Exercise description. Please give the whole listing again word for word, and drop any pictures it holds.

Supplied information.
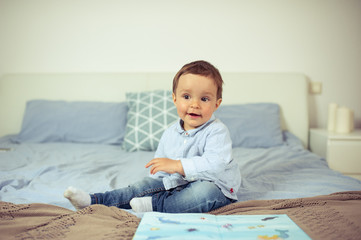 Little boy plays on the bed. A happy little kid.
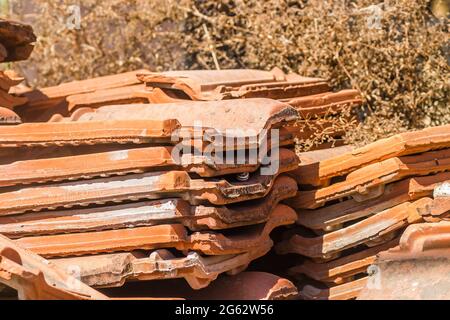 A pile of old tiles, removed from the roof of the house. Stock Photo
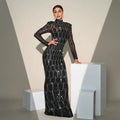 Black sequined long sleeve round neck evening dress with sheer sleeves and silver chain detailing for banquet evening wear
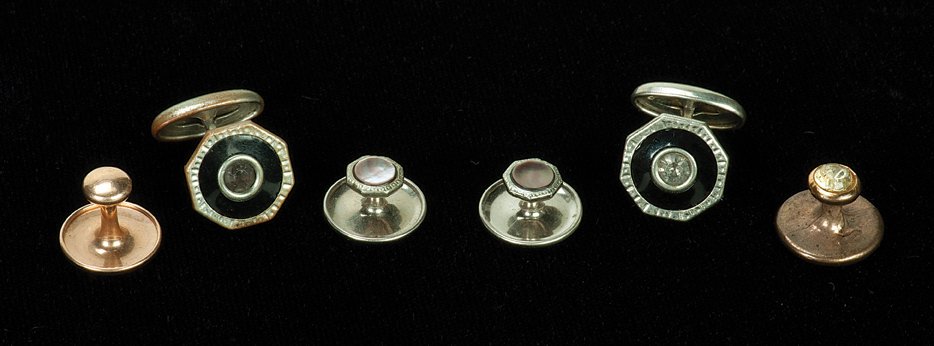 352. Dante’s matching cuff links and studs.: 352. Dante. Dante’s cuff links and studs. Set of matching metal cuff links with inset rhinestones and four shirt studs, the lot worn and used by the famous Danish-American magician Dante (Harry Augu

Written answer.
 Little boy plays on the bed. A happy little kid.
 A pile of old tiles, removed from the roof of the house. Stock Photo
 Black sequined long sleeve round neck evening dress with sheer sleeves and silver chain detailing for banquet evening wear
 352. Dante’s matching cuff links and studs.: 352. Dante. Dante’s cuff links and studs. Set of matching metal cuff links with inset rhinestones and four shirt studs, the lot worn and used by the famous Danish-American magician Dante (Harry Augu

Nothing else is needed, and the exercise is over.